(Material for this exercise begins)
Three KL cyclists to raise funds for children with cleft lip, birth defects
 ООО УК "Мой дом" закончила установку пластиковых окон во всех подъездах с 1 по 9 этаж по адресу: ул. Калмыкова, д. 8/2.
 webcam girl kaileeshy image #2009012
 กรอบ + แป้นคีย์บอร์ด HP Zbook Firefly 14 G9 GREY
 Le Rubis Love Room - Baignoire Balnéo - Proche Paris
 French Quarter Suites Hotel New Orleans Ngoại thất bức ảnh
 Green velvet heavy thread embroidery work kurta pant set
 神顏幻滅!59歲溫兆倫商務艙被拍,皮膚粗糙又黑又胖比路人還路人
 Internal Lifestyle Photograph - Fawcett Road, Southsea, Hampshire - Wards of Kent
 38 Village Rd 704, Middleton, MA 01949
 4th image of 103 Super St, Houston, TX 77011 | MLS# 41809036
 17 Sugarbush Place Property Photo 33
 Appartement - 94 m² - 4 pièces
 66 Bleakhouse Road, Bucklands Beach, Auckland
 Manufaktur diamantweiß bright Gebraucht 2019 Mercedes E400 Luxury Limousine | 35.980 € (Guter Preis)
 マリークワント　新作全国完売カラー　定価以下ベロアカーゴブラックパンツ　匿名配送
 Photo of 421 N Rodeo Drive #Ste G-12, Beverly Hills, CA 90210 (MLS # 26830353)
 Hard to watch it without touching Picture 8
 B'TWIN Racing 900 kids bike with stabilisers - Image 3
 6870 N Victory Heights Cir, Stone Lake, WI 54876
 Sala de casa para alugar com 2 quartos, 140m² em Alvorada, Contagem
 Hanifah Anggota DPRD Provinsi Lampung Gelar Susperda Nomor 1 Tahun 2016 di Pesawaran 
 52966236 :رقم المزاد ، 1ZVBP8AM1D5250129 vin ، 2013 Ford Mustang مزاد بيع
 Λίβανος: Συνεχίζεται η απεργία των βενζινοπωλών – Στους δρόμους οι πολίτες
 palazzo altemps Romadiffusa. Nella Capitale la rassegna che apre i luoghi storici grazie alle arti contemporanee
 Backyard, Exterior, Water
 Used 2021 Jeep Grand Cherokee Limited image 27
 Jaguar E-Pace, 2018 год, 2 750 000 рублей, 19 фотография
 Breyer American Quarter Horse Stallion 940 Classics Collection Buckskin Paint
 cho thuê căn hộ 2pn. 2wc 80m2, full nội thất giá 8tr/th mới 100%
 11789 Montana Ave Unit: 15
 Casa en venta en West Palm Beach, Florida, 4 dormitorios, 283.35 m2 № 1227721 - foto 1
(Material for this exercise ends)
• **Task statement**: Go line by line through the records and copy those that contain the word "Quarter".

• **Exercise response**:
 French Quarter Suites Hotel New Orleans Ngoại thất bức ảnh
 Breyer American Quarter Horse Stallion 940 Classics Collection Buckskin Paint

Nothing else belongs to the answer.